In [None]:
import numpy as np
import matplotlib.pyplot as plt
import seaborn as sns
import pandas as pd
from statsmodels.tsa.stattools import acf
from statsmodels.stats.diagnostic import acorr_ljungbox

df = pd.read_csv("/Users/williambourque/Downloads/QCAR628BIS.csv")
df['DATE'] = pd.to_datetime(df['DATE'])
df.set_index('DATE', inplace=True)
print(df.head())

Time Series Econometrics Assignment 1

Part 1 - Preliminary Analysis

1. a) Plot the log of house prices through time

In [None]:
df['log_HP'] = np.log(df['QCAR628BIS'])
sns.lineplot(data=df, x='DATE', y='log_HP')
plt.title("log(HP_t)")
plt.show()

Interpretation:
log(HP_t) - log(HP_{t-1}) represents the percentage of gain (if positive) or loss (if negative) on house prices from time {t-1} to time {t}

1. b) Apply the transformation to stationarize z_t and plot the results (determinist trend)

In [None]:
T = df.shape[0]  # Number of observations
trend = np.arange(1, T + 1)  # Linear time trend 

X = np.column_stack((np.ones(T), trend))  # Column of ones for intercept, trend as second column

# Dependent variable
Y = np.array(df['log_HP'])  # Assuming log_HP is the dependent variable in the DataFrame

# Solve for B using the OLS formula
B = np.linalg.lstsq(X, Y, rcond=None)[0]  #OLS solution

# Calculate the detrended series
df['detrend_HP'] = Y - np.dot(X, B)  

print("Beta coefficients (B):", B)
print(df.head())

# Plot the graph of the determinist trend deviation
sns.lineplot(data=df, x='DATE', y='detrend_HP')
plt.title('Determinist Trend Deviation')
plt.show()

1. c) Apply the transformation to stationarize z_t and plot the results (stochastic trend)

In [None]:
df['diff_HP'] = df['log_HP'].pct_change() # Create a column of the pct change between each periods

print(df.head())

# Plot of the log avariation assuming a stochastiv trend
sns.lineplot(data=df, x='DATE', y='diff_HP')
plt.title("Difference Series")
plt.show()

1. d) Analyze the auto-corelation functions

In [None]:
acf_vector_deter = acf(df['detrend_HP'], nlags=20) # Autocorrelation determinist
print(acf_vector_deter)
acf_vector_stocha = acf(df['diff_HP'].iloc[1:], nlags=20) # Autocorrelation stochastic
print(acf_vector_stocha)

plt.plot(acf_vector_deter) # Plot of determinist autocorrelations
plt.show()
plt.plot(acf_vector_stocha) # Plot of stochastic autocorrelations
plt.show()

Interpretation : Stochastic hypothesis is better to to estimate a time series model, the auto-correlation goes to 0 much faster which indicates that there could be white noise. White noise hypothesis is refused in the case od the deterministic trend.

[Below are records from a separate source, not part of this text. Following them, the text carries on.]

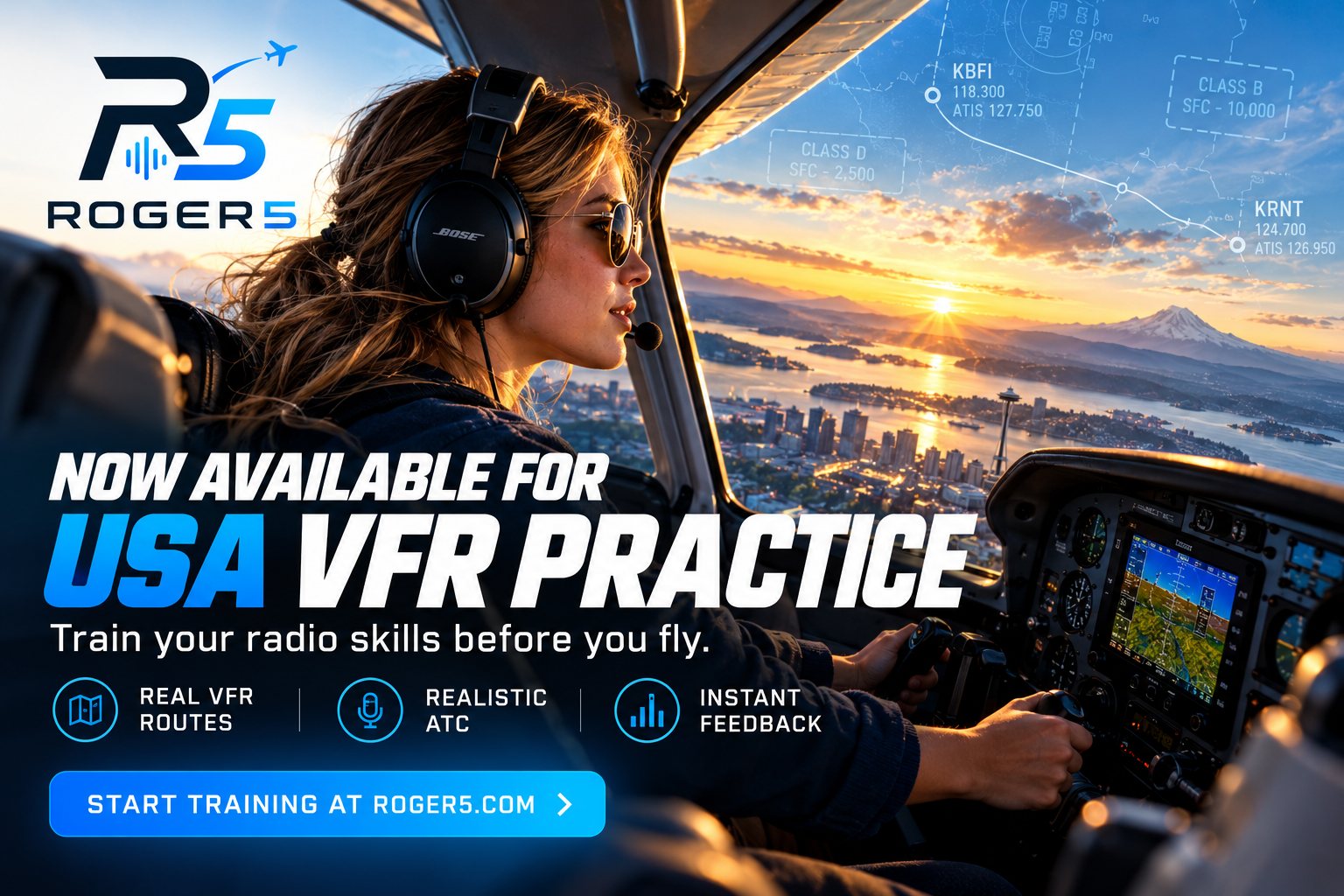 Roger5 — now available for USA VFR practice. A student pilot in a Cessna cockpit above Seattle; real VFR routes, realistic ATC and instant feedback.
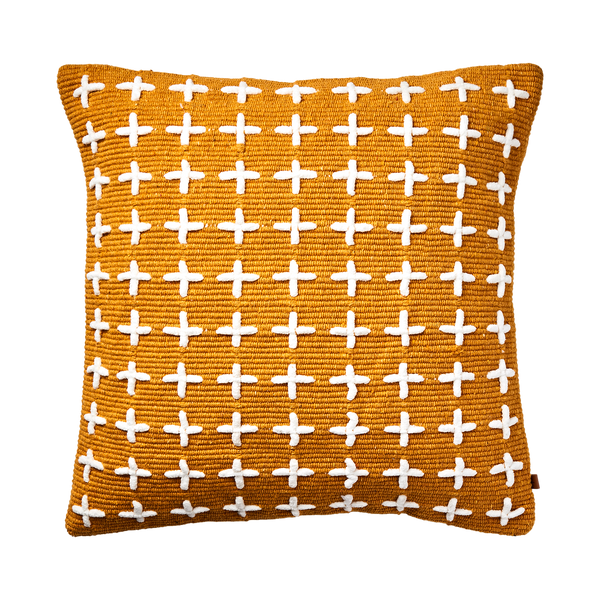 MAJA Cushion cover, Mustard/white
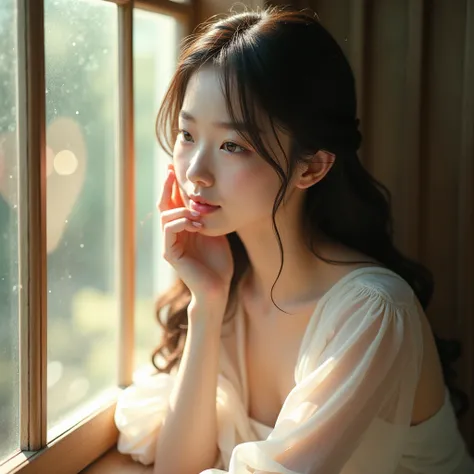 A girl, about 25 years old, Japanese, sitting near the window, looking down, reflective but happy. She is wearing a white, transparent voile blouse. Natural lighting.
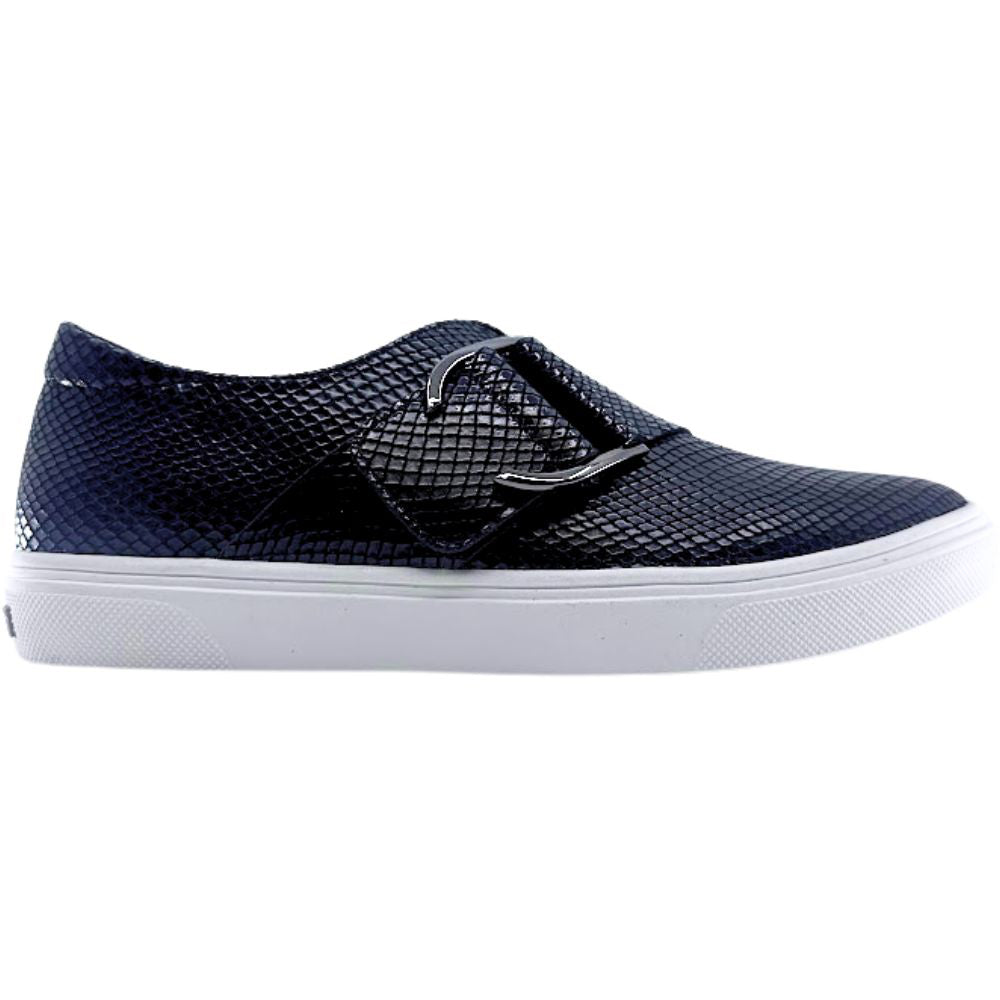 Black textured loafer sneaker with a white sole on a white background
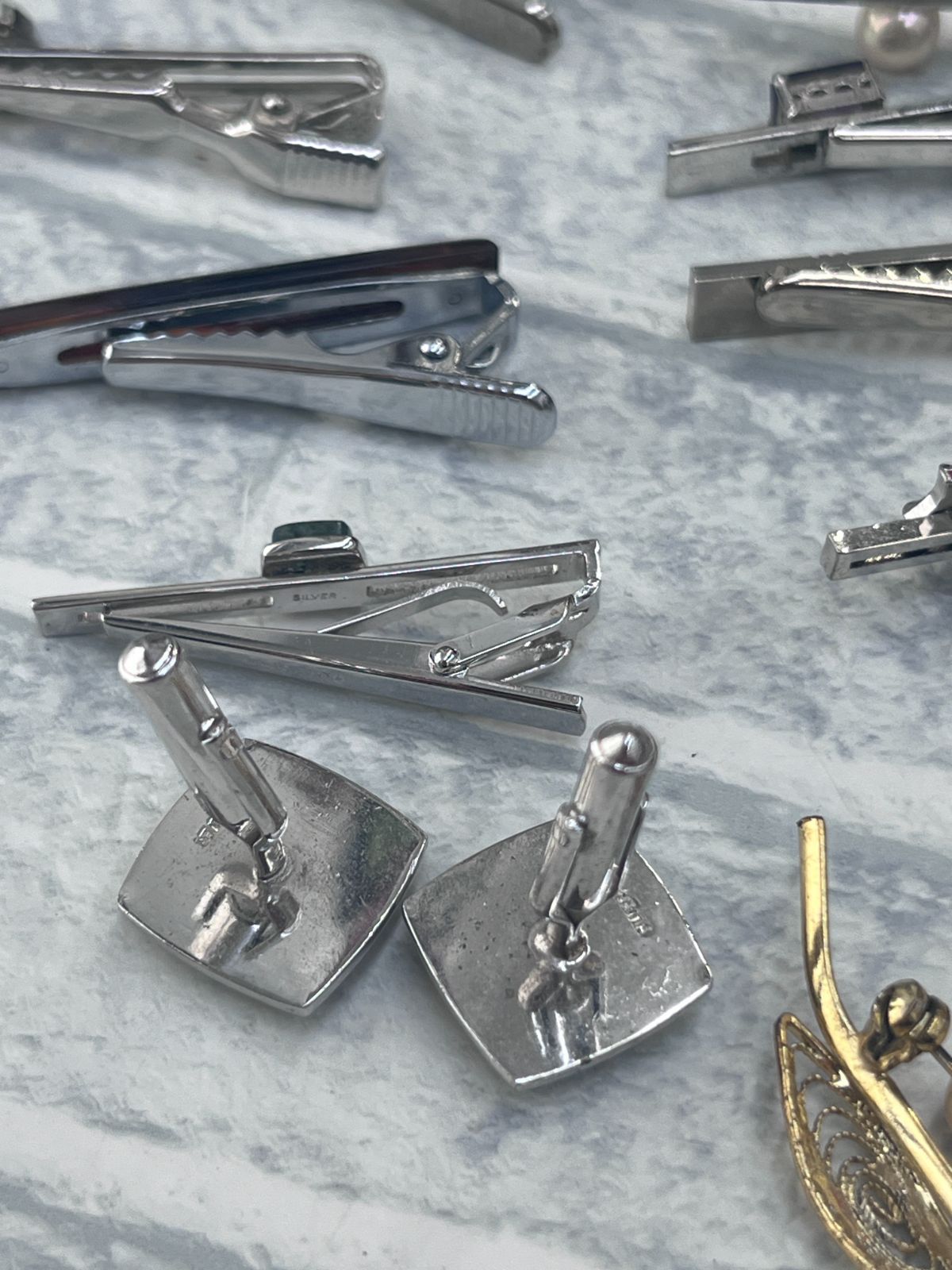 タイピン カフス SILVER 銀製 純銀　刻印あり まとめ売り  銀つぶし ネクタイピン【GT-002】＆選べるカフスセット！ ｜Silver925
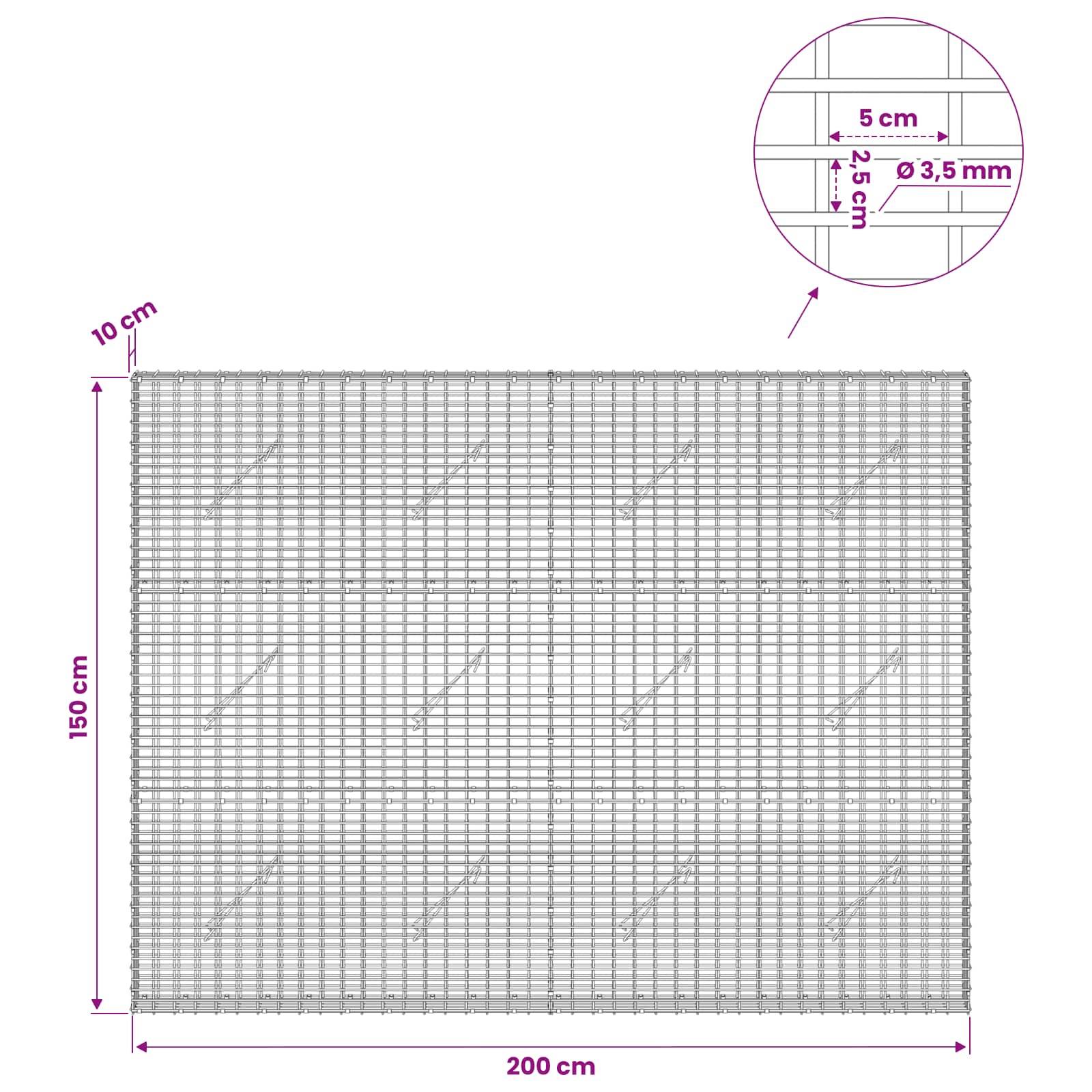 Gabion z žico 3,5 mm in mrežo 5x2,5 cm 200x10x150 cm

1. e) Perform Lyung-Box test on the stochastic trend series

In [None]:
lags = range(1, 19)  # Creat a vector for lags 1 to 18

# Perform the Ljung-Box Q-test
lbq_result = acorr_ljungbox(df['diff_HP'].iloc[1:], lags=lags, return_df=True)

p_values = lbq_result['lb_pvalue']
test_statistics = lbq_result['lb_stat']
h1 = (p_values < 0.05).astype(int)  # Binary decision rule (1 = reject null hypothesis)

# Print the results
print("Decision Rule (h1):", h1.values)
print("P-Values:", p_values.values)
print("Test Statistics:", test_statistics.values)

Interpretation : We reject the hypothesis that there is correlation between the observation of the stochastic trend series. We cann conclude that the series is stationnary.